The doctrine of hell is no doubt a major reason why some people are hesitant or wary about Christianity. After all, how could an all-good, all-loving God create hell and send people there to be tortured for all eternity? Doesn’t that seem a little cruel, dictatorial, and just plain sadistic? Due to discomfort at the idea of an eternal hell, many Christians hold on to ideas contrary to the teaching of the Catholic Church. Some of the main contenders include universalism, hopeful universalism, and annihilationism. In this post, we’ll specifically focus on universalism, and then show why an eternal hell makes more sense when comparing the two positions.

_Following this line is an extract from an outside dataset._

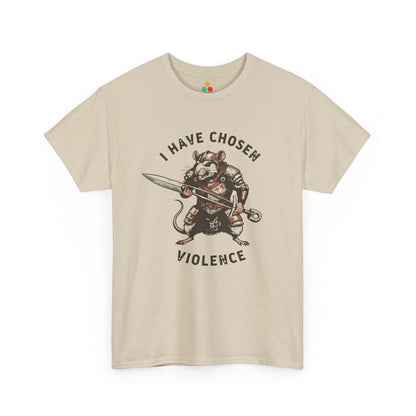 Warrior Rat Graphic T-Shirt - "I Have Chosen Violence" Funny Gamer Meme Tee | TEEZOCA 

Universalism is the belief that every person will ultimately go to heaven. Whether that involves some type of purgative punishment before being admitted into heaven is debated among universalists. While some believe that hell doesn’t really exist and that all people go to heaven immediately after dying, others hold to a view called apocatastasis, where the “damned” are punished in hell for a finite amount of time, and then are released into the Kingdom of God. Defenders of universalism usually argue that God couldn’t possibly be so cruel as to either permit or directly inflict excruciating pain for all eternity onto those He created and loves. To them it seems incompatible with 1 John 4:8, which says that “God is love.” Therefore, either hell does not exist or hell is only a temporary, corrective punishment like purgatory.
There are two major problems with universalism, however. The first one is the problem of God's concern for our moral choices, and the second is the misunderstanding of what hell really is. The first issue deals with both forms of universalism mentioned above, and the second one only concerns the view of apocatastasis.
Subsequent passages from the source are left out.